Kit Reed


Kit Reed, born Lillian Hyde Craig or Lilian Craig Reed, was an American author of both speculative fiction and literary fiction, as well as psychological thrillers under the pseudonym Kit Craig.

Biography

Reed was born Lillian Hyde Craig on June 7, 1932, in San Diego, California. She was a daughter of schoolteacher Lillian Hyde and US Naval officer John R. Craig. She was nicknamed "Kitten" at an early age. Her father would command the submarine USS Grampus, which was lost with all hands early in 1943, probably sunk by the Japanese. "By 12, she had written a series of books about a stand-up bunny rabbit. At the College of Notre Dame of Maryland, nuns let her write short stories instead of a research paper for her senior thesis, allowing her to avoid the research she hated."
She legally changed her name to Kit Reed. Her first short story, "The Wait", was published by Anthony Boucher in The Magazine of Fantasy & Science Fiction. She is a Guggenheim Fellow and recipient of a five-year grant literary from the Abraham Woursell Foundation.
The New York Times Book Review said about her short fiction in 2006: "Reed has a prose style that's pure dry ice, displayed in dystopian stories that specialize in bitterness and dislocation." The Wall Street Journal said: "The title of Kit Reed's selection of her own short stories, The Story Until Now, reminds us that although she has been writing award-winning fiction for some 50 years, she's still accelerating.

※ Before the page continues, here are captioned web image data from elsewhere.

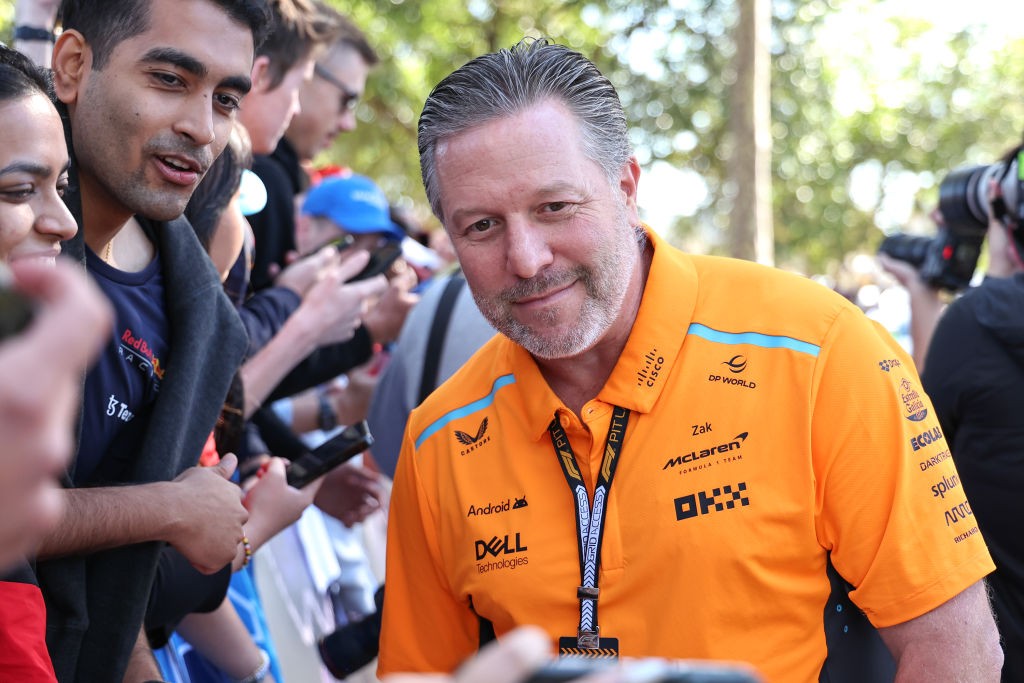 McLaren renova com CEO Zak Brown até 2030 na F1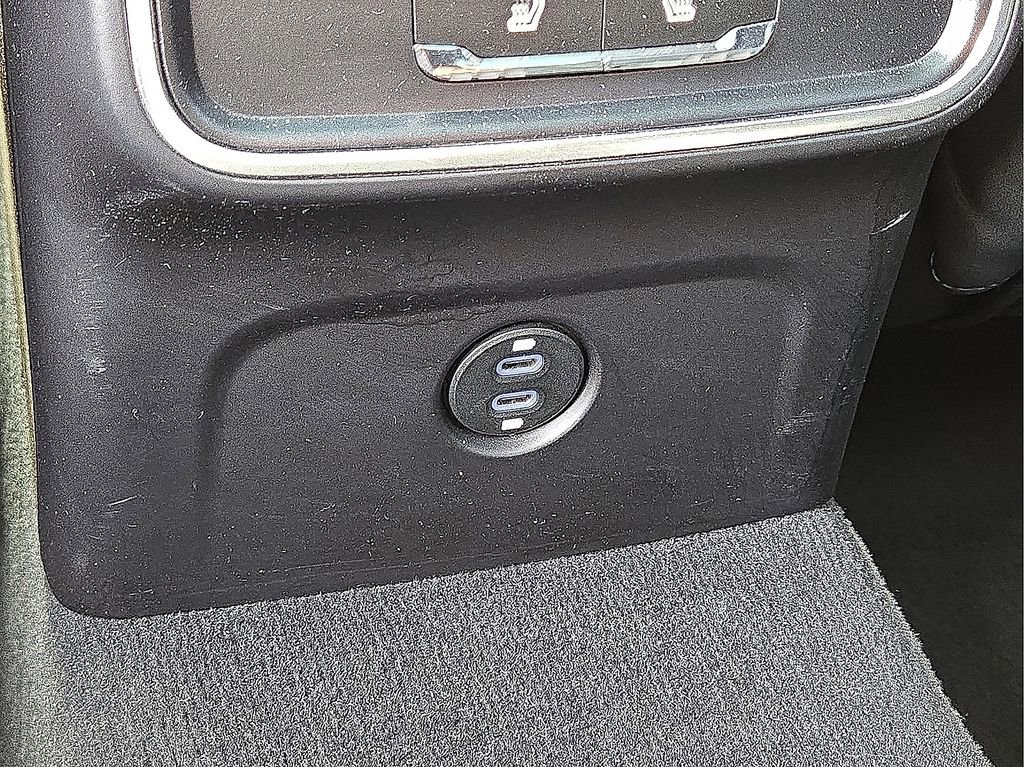 Used 2024 Porsche Macan Turbo image 17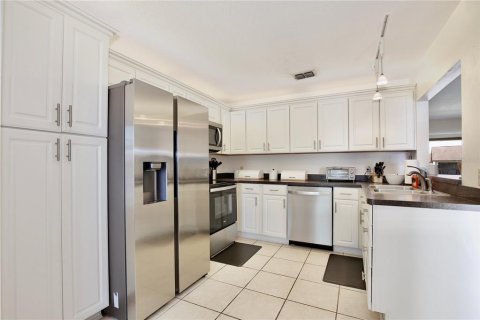 Condo in Winter Springs, Florida, 3 bedrooms № 2226745 - photo 5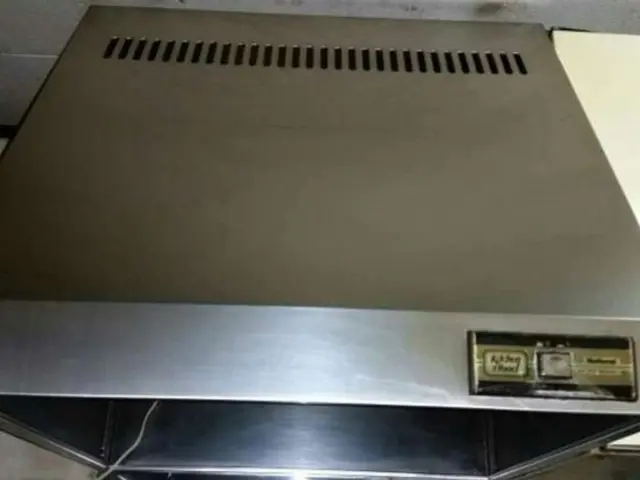 ☆★住まいに格式ある輝きを──プレミアムハウスクリーニング☆★キッチン換気扇2点サービスの画像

The scope of these 35 stories is immense, their variety unmatched."
Her stories appeared in venues ranging from The Magazine of Fantasy & Science Fiction to The Yale Review and The Kenyon Review, and are widely anthologized. Many of her stories are published as feminist science fiction and she was nominated for the James Tiptree Jr. Award three times. In 2005 her novel, Thinner Than Thou, was given the Alex Award by the Young Adult Library Services Association, a division of the American Library Association. She was Resident Writer at Wesleyan University.
Reed died on September 24, 2017, at age 85, after being diagnosed with an inoperable brain tumor.